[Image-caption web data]
--
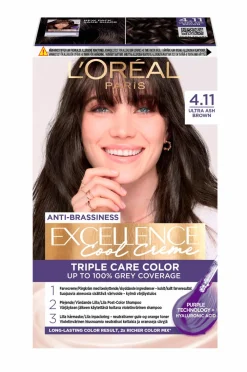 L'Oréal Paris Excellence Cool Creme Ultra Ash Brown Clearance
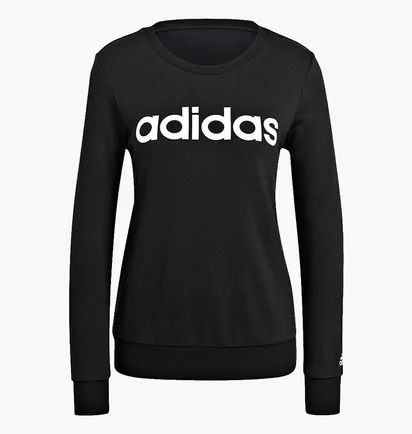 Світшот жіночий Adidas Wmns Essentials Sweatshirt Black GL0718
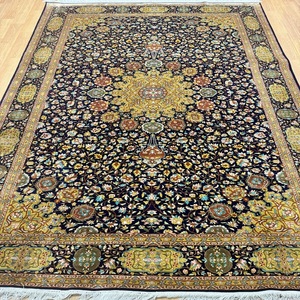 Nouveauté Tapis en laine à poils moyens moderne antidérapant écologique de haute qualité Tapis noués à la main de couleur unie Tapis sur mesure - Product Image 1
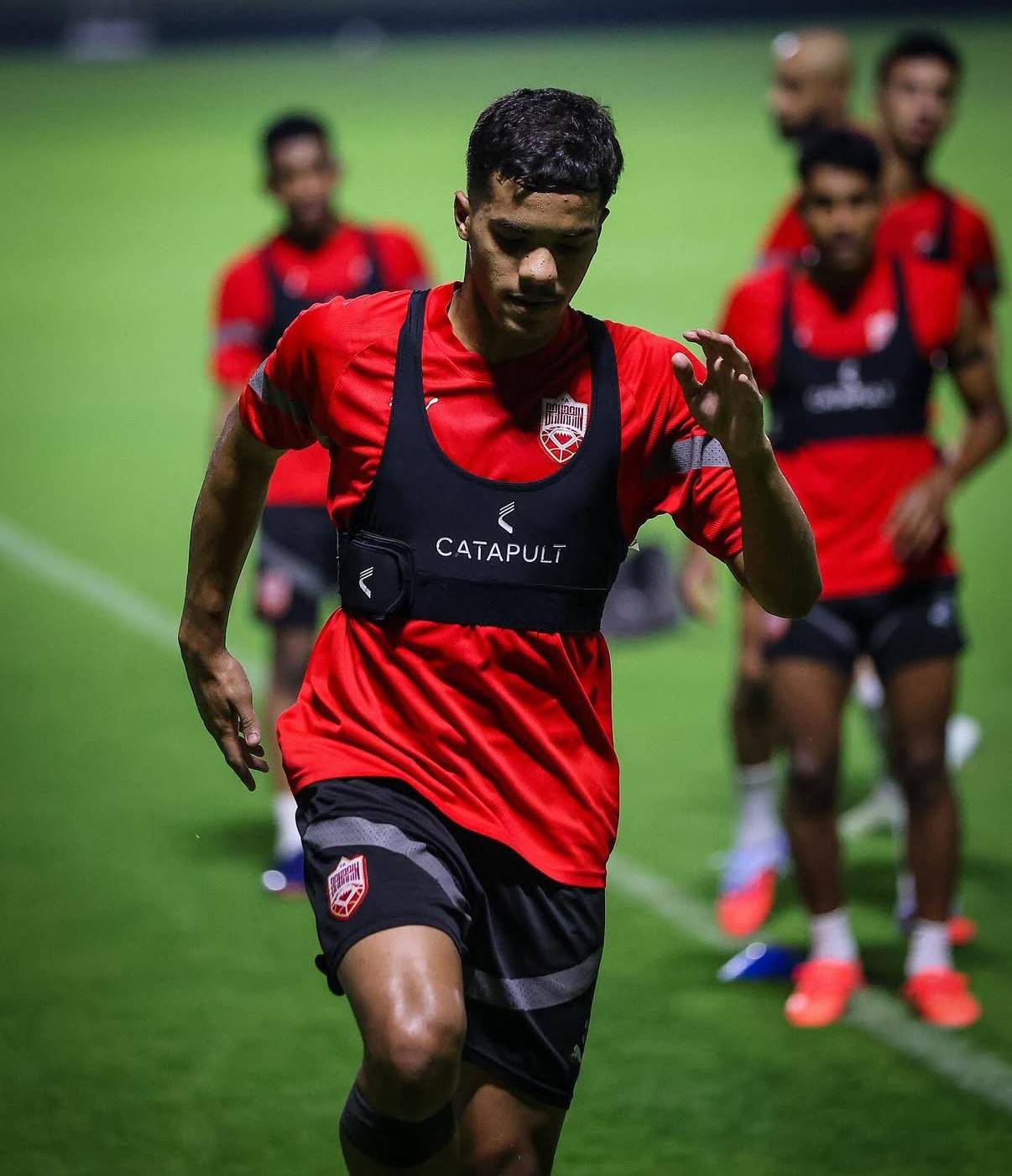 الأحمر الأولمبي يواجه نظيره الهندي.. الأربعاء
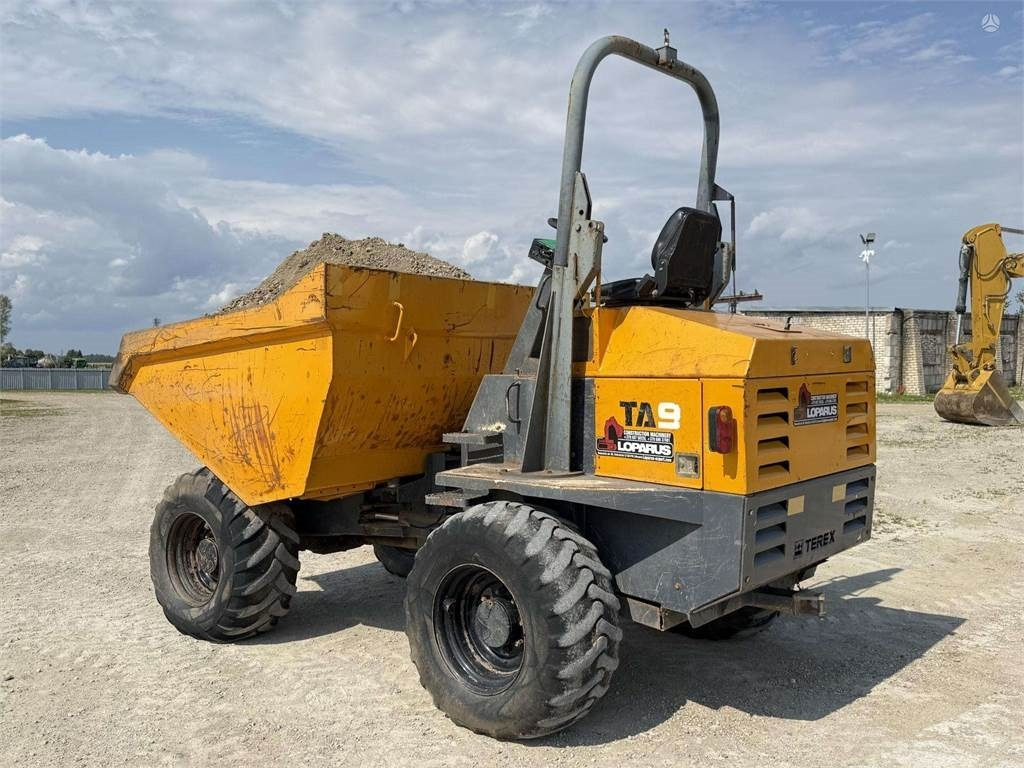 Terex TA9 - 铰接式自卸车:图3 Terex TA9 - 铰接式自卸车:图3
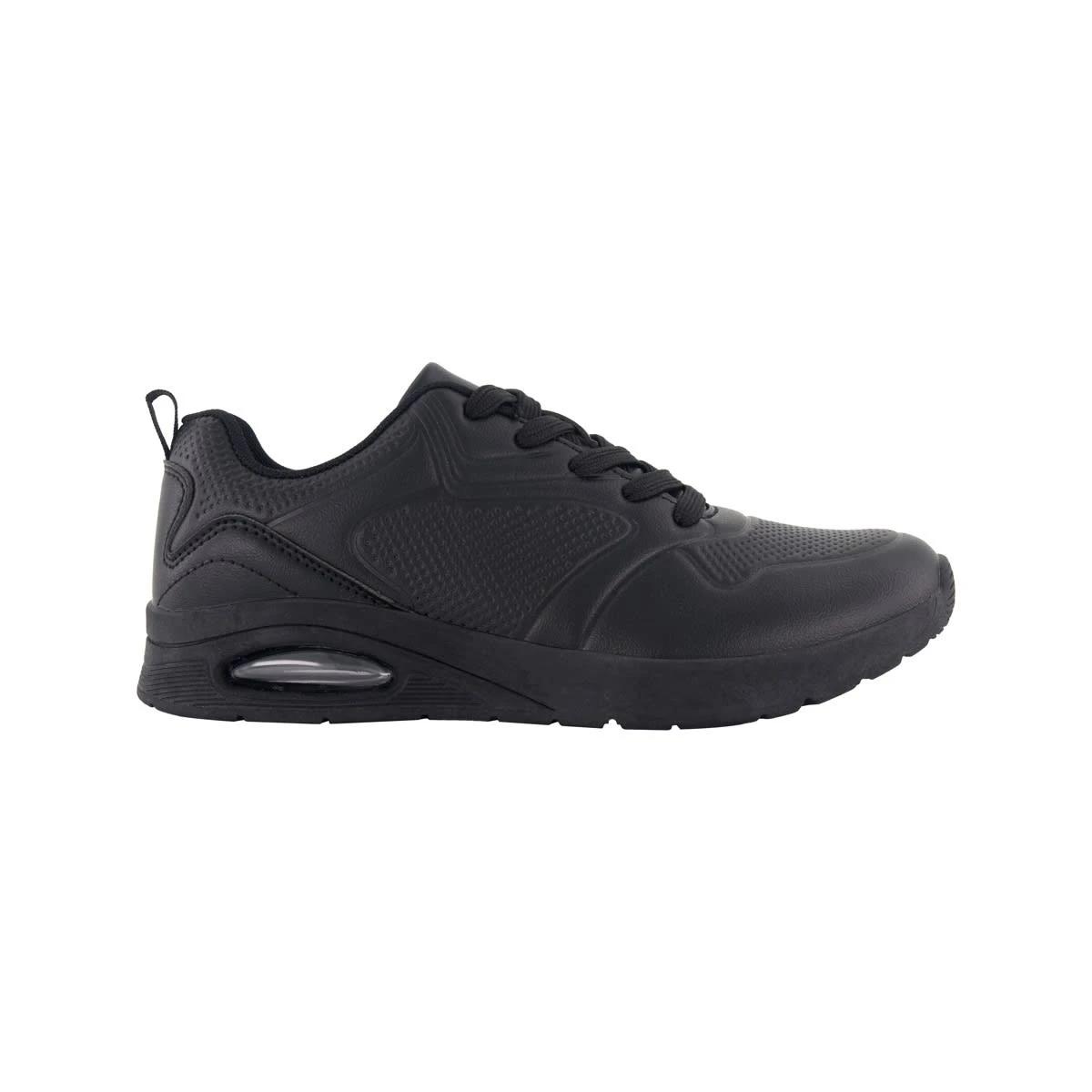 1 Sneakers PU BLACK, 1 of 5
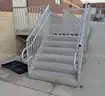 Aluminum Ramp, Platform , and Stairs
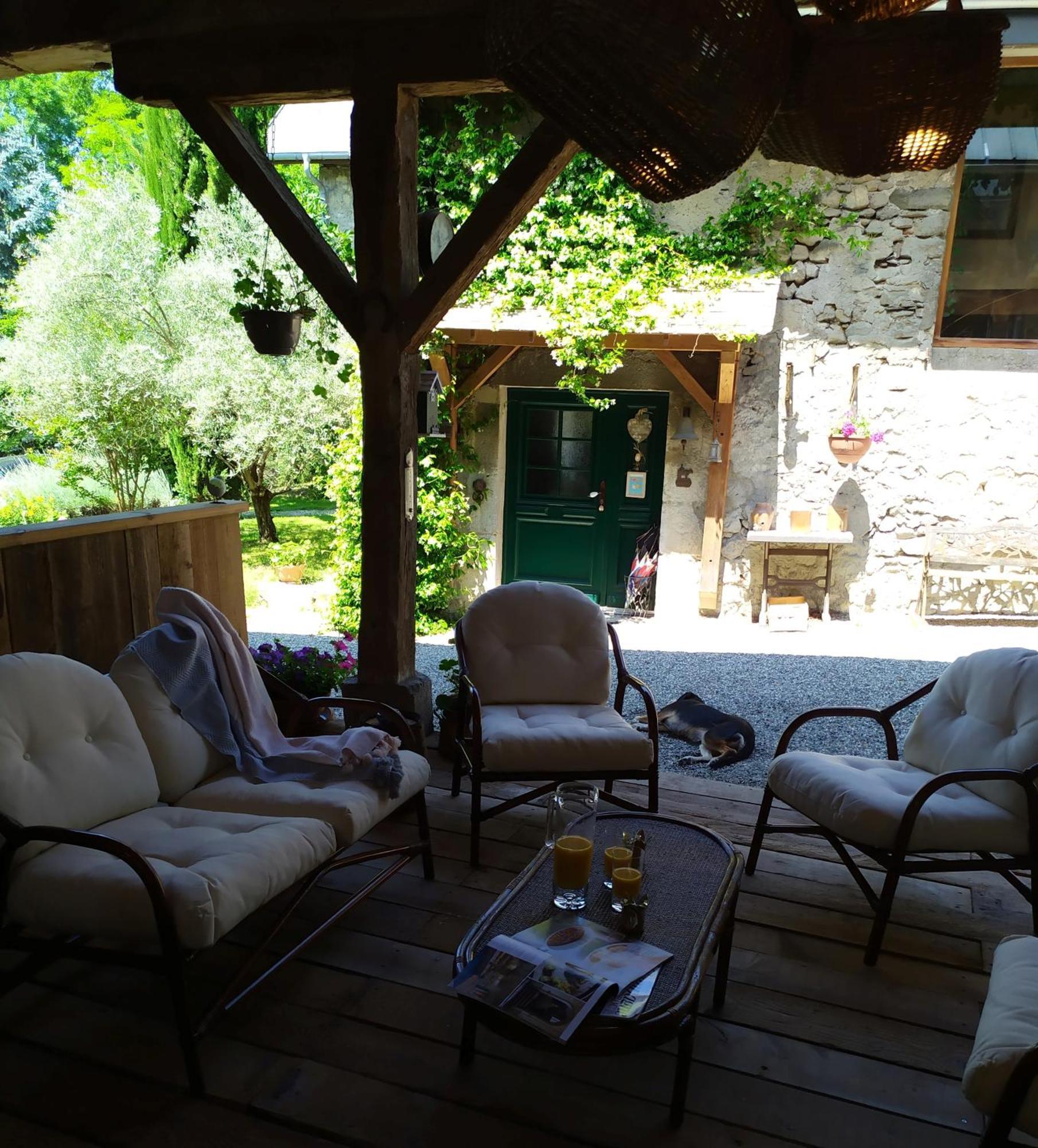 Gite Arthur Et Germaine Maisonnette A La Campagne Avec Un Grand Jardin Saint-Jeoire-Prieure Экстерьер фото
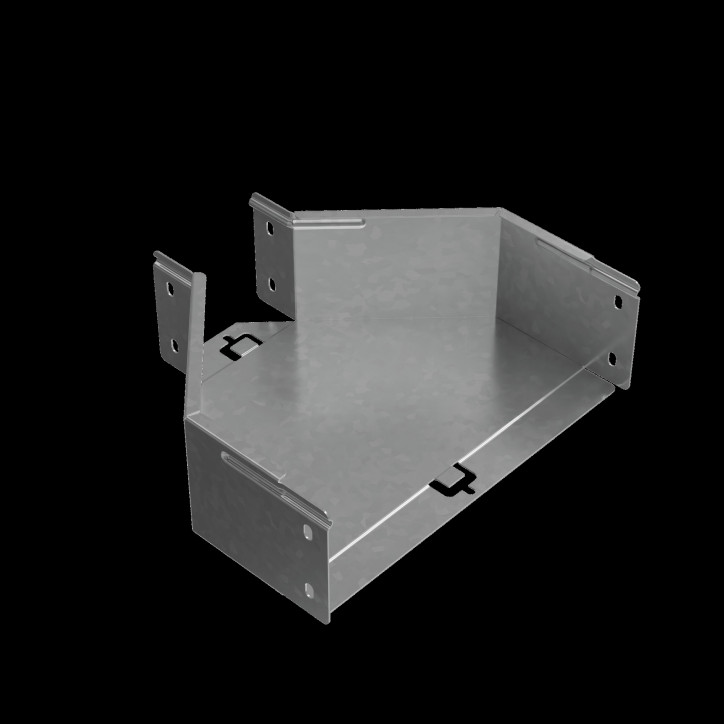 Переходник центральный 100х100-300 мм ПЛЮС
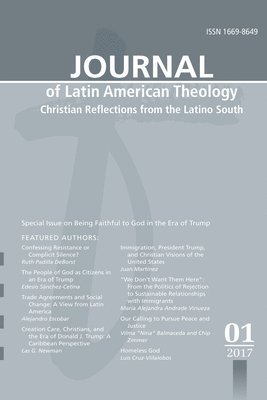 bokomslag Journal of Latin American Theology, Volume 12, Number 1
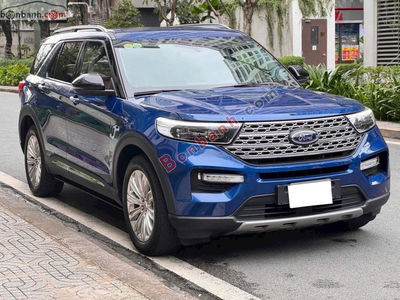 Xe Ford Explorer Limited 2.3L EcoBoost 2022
--
BRIEF: An exact transcription of all the entries is required, without the pictures.

TASK ANSWER:
 L'Oréal Paris Excellence Cool Creme Ultra Ash Brown Clearance
 Світшот жіночий Adidas Wmns Essentials Sweatshirt Black GL0718
 Nouveauté Tapis en laine à poils moyens moderne antidérapant écologique de haute qualité Tapis noués à la main de couleur unie Tapis sur mesure - Product Image 1
 الأحمر الأولمبي يواجه نظيره الهندي.. الأربعاء
 Terex TA9 - 铰接式自卸车:图3 Terex TA9 - 铰接式自卸车:图3
 1 Sneakers PU BLACK, 1 of 5
 Aluminum Ramp, Platform , and Stairs
 Gite Arthur Et Germaine Maisonnette A La Campagne Avec Un Grand Jardin Saint-Jeoire-Prieure Экстерьер фото
 Переходник центральный 100х100-300 мм ПЛЮС
 bokomslag Journal of Latin American Theology, Volume 12, Number 1
 Xe Ford Explorer Limited 2.3L EcoBoost 2022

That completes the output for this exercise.